▶ [TASK MATERIAL]:
━━━━━━

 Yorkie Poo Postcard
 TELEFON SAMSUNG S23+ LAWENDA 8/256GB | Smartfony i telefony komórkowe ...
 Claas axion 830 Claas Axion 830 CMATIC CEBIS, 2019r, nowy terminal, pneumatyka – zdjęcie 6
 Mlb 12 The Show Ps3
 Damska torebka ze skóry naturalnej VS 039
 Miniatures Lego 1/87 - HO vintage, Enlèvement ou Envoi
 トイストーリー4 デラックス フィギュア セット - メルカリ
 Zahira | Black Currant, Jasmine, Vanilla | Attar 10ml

━━━━━━

▶ [REQUIREMENT]: With the line containing "Mlb 12 The Show Ps3" as the first and the last line above as the final one, copy those lines exactly and no others.

▶ [SOLUTION FOR THIS PROBLEM]:
 Mlb 12 The Show Ps3
 Damska torebka ze skóry naturalnej VS 039
 Miniatures Lego 1/87 - HO vintage, Enlèvement ou Envoi
 トイストーリー4 デラックス フィギュア セット - メルカリ
 Zahira | Black Currant, Jasmine, Vanilla | Attar 10ml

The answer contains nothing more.